What is always very amusing for the native English-speaker reading Polish historical works is the contrast between the Polish gentleman of the early 1800s, in his almost Turkish costume, and the English gentleman of the same era, in his proto-tuxedo. The literary Polish gentleman grows giant
moustaches, threatens, brags, yells, sings at the table, starts brawls, weeps with love for father, sweetheart or fatherland--even when there are ladies present. The English gentleman does not.
|Ah, another brawl at supper. How droll.|
One struggles to imagine Mr Darcy sitting at the table in the castle of Soplicowo when a riot breaks out around him. What would he do? Deftly step out a window and admire the stars to the sound of glass smashing or with great presence of mind elect to sit under the table? Or would some tightly-bound spirit in his breast burst its buttons, seize a club and explode into the fray? After all, Mr Darcy would be on holiday. When in Polish Lithuania, do as the Lithuanian Polish gentlemen do. ("Sprinkle, sprinkle.")
The English prose translation, which preserves Mickiewicz's literal meaning, if neither his meter nor his rhymes, reveals a number of unforgettable characters, including Gerwazy, the insanely loyal Warden of the Castle (whose rightful ownership is being contested between young Count Horeszko, cousin of its murdered owner, and the Soplica family), the mysterious and brilliant Bernardine monk Father Robak, young Tadeusz Soplica, who represents Polish Youth (and how), the very young Zofia Horeszko, who represents the ideal 19th century sweetheart and therefore is tragically lacking in colour, and her thirty-something aunt Telimena, who is a delightful female scoundrel, given to flirting with younger men at dinner parties. As Zofia's primary activities are taking care of chickens and looking pretty (she's only fourteen), the women of Pan Tadeusz would very boring and pathetic without Aunt Telimena. It is true that she wears rouge, but who are we to judge?

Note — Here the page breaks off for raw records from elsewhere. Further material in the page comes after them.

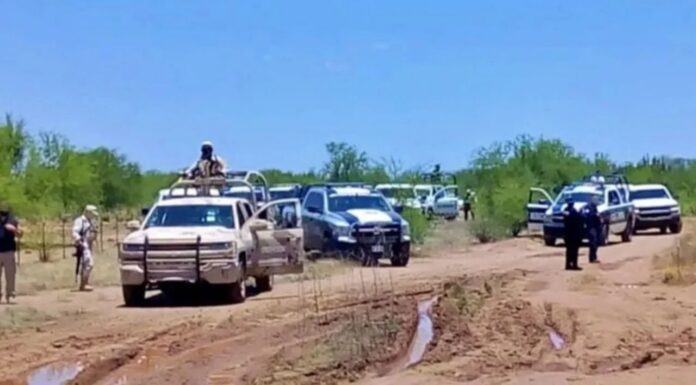 Rescatan a 16 personas secuestradas en San Luis Río Colorado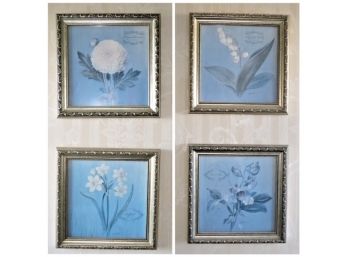 Danhui Flower Of The Month, March, April, May, November Framed Wall Decor - Set Of 4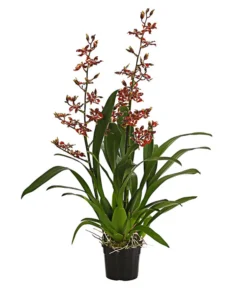 Colmanara-Orchidee - Colmanara 'Andrea'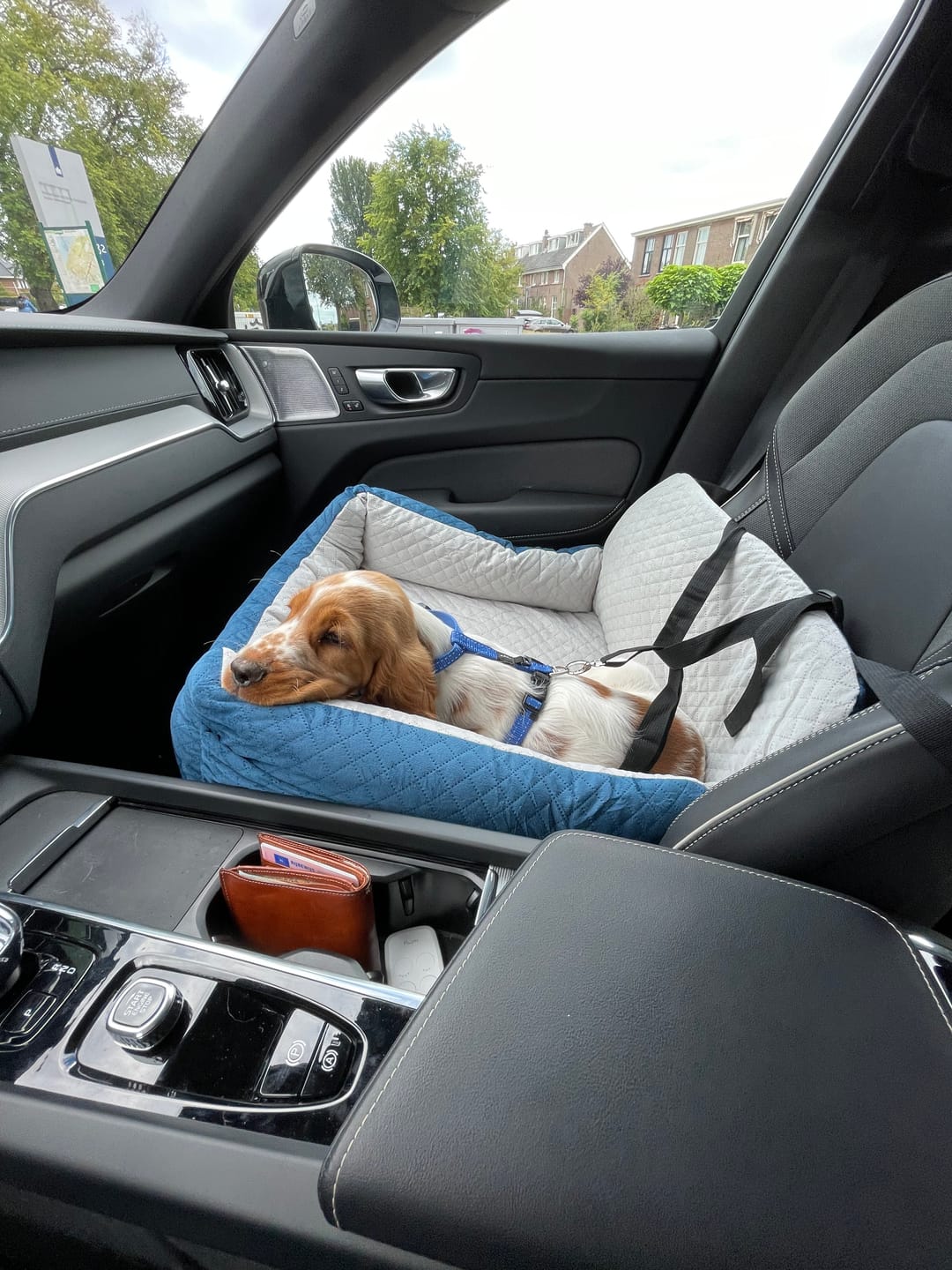 Customer photo review of Pet Perfect luxe autostoel hond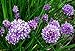 Chives - Hardy Perennial - Easy to Grow! - 3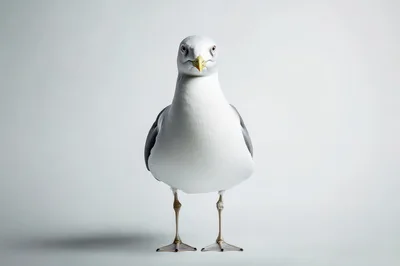 Front View Of A Standing Seagull
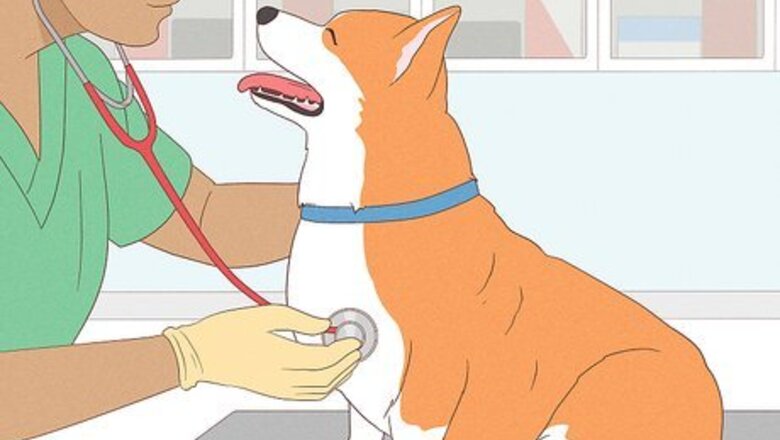 How to Perform Pre‐Breeding Health Checks for Dogs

The reason to read an English prose translation (e.g. the 1917 edition by George Rapall Noyes here) is to get as close to the mind and talent of Mickiewicz as possible and, while admiring the wonderful metaphors, descriptions, adventures and jokes, to marvel that the author did all this in verse. To appreciate the verse, you have to either know or learn Polish---although of course you can see if you like the efforts of English translator-poets.
Here is an actor reciting the "Inwokacja" (Invocation), which is the very epic-like beginning to Pan Tadeusz: the author addresses first his homeland of Polish Lithuania and then the Blessed Mother of God.
The famous Polish director Andrzej Wajda made a film version of Pan Tadeusz, to which subtitles have been added for the anglophone market. The fighting scenes must be amazing, but no doubt poor Auntie Telimena has been sexed up for late 20th century sensibilities.
All Poles in Poland have to read this book in school, so if you want some insight into the Polish psyche (at very least all Polish psyches born between 1800 and 1989), I suggest you read it.